Because of this, recognition and propagation of bad values by the VAL_ and VEC_ routines is controlled by a logical value BAD, which appears at the start of each routine’s argument list. If BAD is set .TRUE., then bad input arguments are recognised and propagated to the result. Conversely, if BAD is set .FALSE., then input argument values are interpreted literally (there is no bad value recognition), although bad values may still be generated on output if numerical errors occur. Most of the routines execute more efficiently if BAD is .FALSE. (Appendix A).

It is up to the calling routine to ensure that the BAD argument has an appropriate logical value when VAL_ and VEC_ routines are invoked. This value will often depend on whether numerical errors have occurred in previous stages of processing, so each routine also carries a STATUS argument which may be used to detect the occurrence of such errors.

1.3 The STATUS Argument

Each VAL_ and VEC_ routine takes a standard integer STATUS variable as its final argument. In normal use, this STATUS variable should be set to SAI__OK when the routine is invoked, otherwise it will return immediately without action.3

On exit, the STATUS value will still be set to SAI__OK unless a numerical error has occurred, in which case it will be set to an appropriate error code (Appendix B). PRIMDAT error codes may be tested to detect when a particular numerical error has occurred, and may also be used to report these errors (using the ADAM ERR_ routines for instance).

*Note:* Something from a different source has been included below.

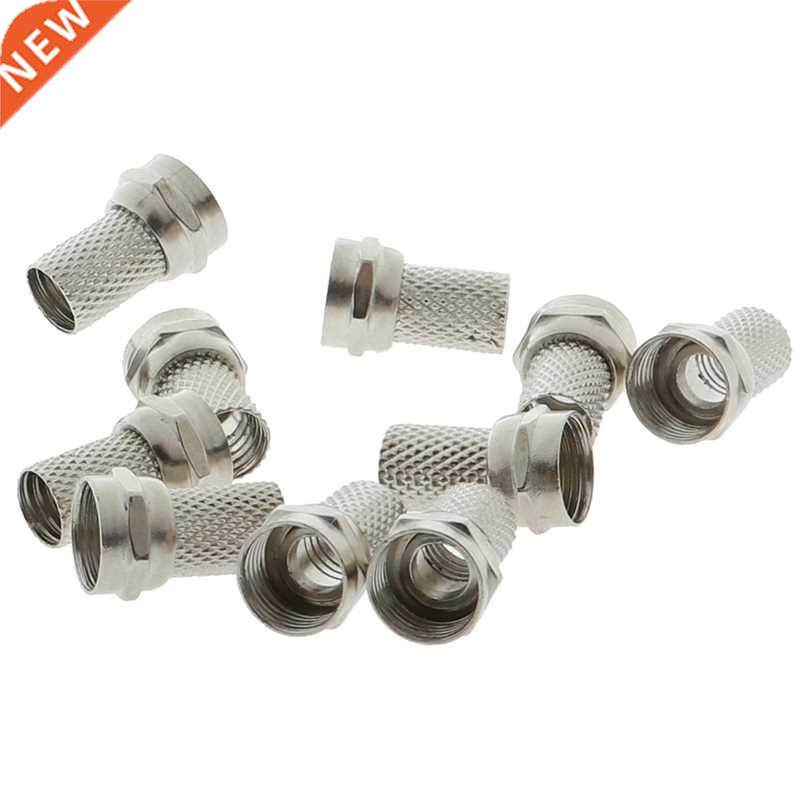 10Pcs/lot 75-5 F Connector Screw On Type 适用于 RG6 Satellit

Note that routines in this package do not report errors themselves. This is partly an efficiency consideration. In many circumstances, the automatic generation of a bad value will itself be an adequate response to a numerical error and, in such cases, the STATUS variable may simply be reset to SAI__OK and processing can continue.

1The NUM_ functions do not have a built-in error handling capability and are not discussed here.

2These symbolic constants are defined in the include file PRM_PAR.

3In the case of the VAL_ functions, a bad function result will be returned.